Perentoria la mano, come una saetta, si abbassava sul fondello e una luce rapida e veloce a illuminare i volti e gli sguardi, fissi, a seguirne il bagliore, un attimo, un istante e il pensiero si compie.
Un solo colpo, quello giusto.
Anni di battaglie, colpi a segno ed altri persi nel tempo, dimenticati, esplosi dove niente era da colpire, memorie perse come gocce di pioggia in una pozzanghera.
Battaglie, imboscate e nemici conosciuti, il tempo a disegnare le nuove strategie, sentinelle stanche a raccontare storie inverosimili.
I passi, pesanti e cadenzati, sono sempre quelli, nel suo quartier generale è sempre lì, forse più pensieroso ma sempre all’erta, a studiare il bersaglio, pronto, come sempre, senza tentennare, a colpire nel centro e illuminare il cielo di strisce pirotecniche.

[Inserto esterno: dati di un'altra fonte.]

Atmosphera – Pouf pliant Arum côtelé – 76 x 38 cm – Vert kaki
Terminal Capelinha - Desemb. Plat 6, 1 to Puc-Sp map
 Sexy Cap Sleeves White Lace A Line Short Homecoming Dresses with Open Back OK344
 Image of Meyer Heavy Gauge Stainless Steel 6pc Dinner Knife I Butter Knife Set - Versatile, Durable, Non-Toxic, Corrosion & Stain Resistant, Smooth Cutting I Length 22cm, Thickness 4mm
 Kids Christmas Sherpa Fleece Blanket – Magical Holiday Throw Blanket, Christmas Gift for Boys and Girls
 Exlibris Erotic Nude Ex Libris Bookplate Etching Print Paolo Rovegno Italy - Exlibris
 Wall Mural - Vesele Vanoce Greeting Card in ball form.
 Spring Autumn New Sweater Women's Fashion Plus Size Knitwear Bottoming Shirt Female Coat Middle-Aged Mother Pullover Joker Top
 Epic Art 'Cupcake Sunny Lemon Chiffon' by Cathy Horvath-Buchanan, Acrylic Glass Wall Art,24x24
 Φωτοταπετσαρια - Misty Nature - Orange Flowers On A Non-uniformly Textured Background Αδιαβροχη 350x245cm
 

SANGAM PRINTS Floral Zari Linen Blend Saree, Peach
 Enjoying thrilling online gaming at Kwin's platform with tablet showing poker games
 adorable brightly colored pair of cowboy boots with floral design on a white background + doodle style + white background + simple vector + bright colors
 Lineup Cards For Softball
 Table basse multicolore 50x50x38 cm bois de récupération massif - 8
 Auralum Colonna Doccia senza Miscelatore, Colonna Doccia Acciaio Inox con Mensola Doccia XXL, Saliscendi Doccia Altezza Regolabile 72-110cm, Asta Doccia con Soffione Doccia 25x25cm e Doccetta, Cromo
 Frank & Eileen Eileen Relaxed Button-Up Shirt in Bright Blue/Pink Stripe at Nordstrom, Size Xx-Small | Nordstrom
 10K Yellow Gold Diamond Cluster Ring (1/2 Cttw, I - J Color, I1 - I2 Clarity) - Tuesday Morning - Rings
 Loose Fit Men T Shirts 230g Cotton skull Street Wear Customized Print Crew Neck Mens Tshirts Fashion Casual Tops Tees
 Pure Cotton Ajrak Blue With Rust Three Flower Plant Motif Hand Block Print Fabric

Lontani i calcoli balistici, efficienti supporti tecnologici raccontano storie che nessuna sentinella, nessuna spia potrebbe raccontare.
In un baleno vanno e tornano dal campo di battaglia, messaggeri scrupolosi e incorruttibili a raccontare la quantità di polvere, la lunghezza dei cannoni e l’alzo corretto per centrare il bersaglio, senza errore.
Il Generale è in piedi nella stanza, ha solo una bacchetta in mano che si muove in sinusoidi veloci e macchine ubbidienti rispondono all’unisono, senza errori e senza il fiato corto.
Non si guardano, seguono la bacchetta, i movimenti ipnotici radunano l’orchestra e il Generale capisce che l’estasi è lì, a portata di mano.
Fuoco alle polveri!
L’orchestra ammutolisce e il Generale s’inchina, gli applausi avvolgono scroscianti, il bersaglio si colora delle tinte volute e se ne manca qualcuna ci si penserà più tardi.
La tecnologia è capace anche di questo e la macchina, ancora fumante dalle lenti Zeiss calibro 80, è appoggiata vicino al leggio, metallo inerte.
Un ultimo inchino del Generale e gli applausi continuano, riempiono le orecchie e quietano l’animo,
Accarezzano come oppio i pensieri che nascono.